• _Exercise objective_: Leave out the pictures and set down the rest of the listing below word for word.

• _Data extract_:
_____
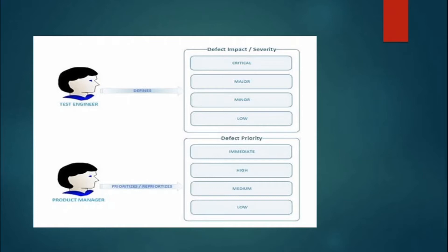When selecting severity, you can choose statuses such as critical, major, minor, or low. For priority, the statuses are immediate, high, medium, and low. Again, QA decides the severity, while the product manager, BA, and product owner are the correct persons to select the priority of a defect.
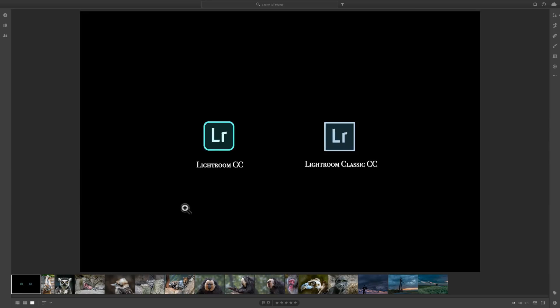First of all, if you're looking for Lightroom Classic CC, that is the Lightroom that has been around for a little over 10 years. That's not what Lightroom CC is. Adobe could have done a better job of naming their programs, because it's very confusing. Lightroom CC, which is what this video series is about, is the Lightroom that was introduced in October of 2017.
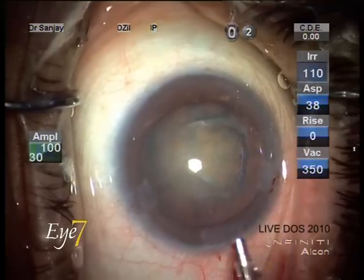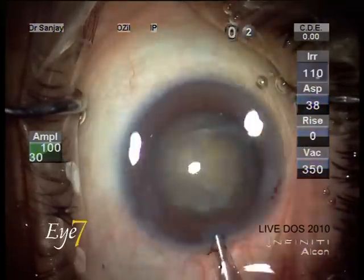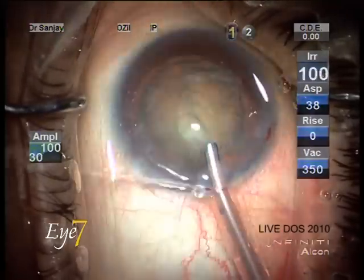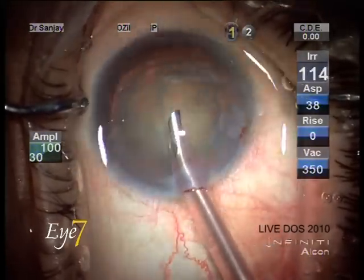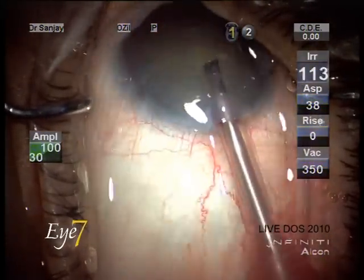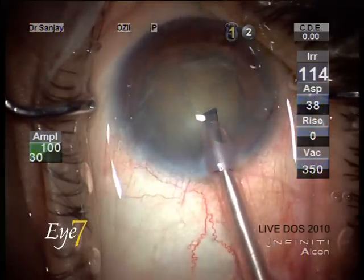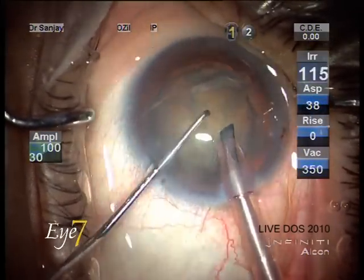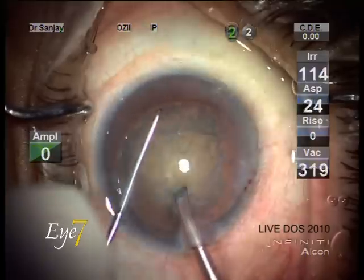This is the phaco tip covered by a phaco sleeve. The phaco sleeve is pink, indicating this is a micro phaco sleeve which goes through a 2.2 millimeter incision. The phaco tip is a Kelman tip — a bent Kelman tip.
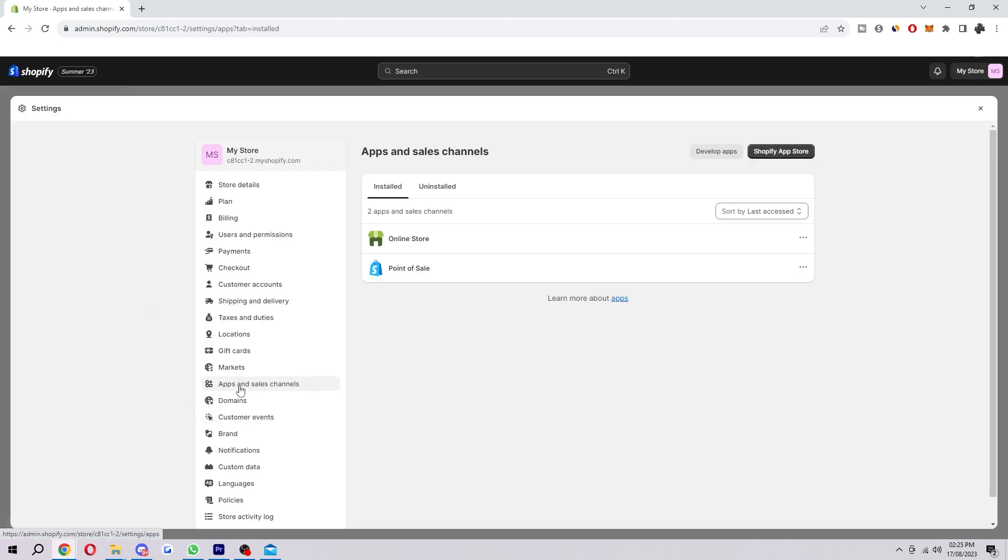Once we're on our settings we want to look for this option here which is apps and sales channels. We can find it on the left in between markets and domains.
_____
• _Result of the task_:
When selecting severity, you can choose statuses such as critical, major, minor, or low. For priority, the statuses are immediate, high, medium, and low. Again, QA decides the severity, while the product manager, BA, and product owner are the correct persons to select the priority of a defect.
First of all, if you're looking for Lightroom Classic CC, that is the Lightroom that has been around for a little over 10 years. That's not what Lightroom CC is. Adobe could have done a better job of naming their programs, because it's very confusing. Lightroom CC, which is what this video series is about, is the Lightroom that was introduced in October of 2017.
This is the phaco tip covered by a phaco sleeve. The phaco sleeve is pink, indicating this is a micro phaco sleeve which goes through a 2.2 millimeter incision. The phaco tip is a Kelman tip — a bent Kelman tip.
Once we're on our settings we want to look for this option here which is apps and sales channels. We can find it on the left in between markets and domains.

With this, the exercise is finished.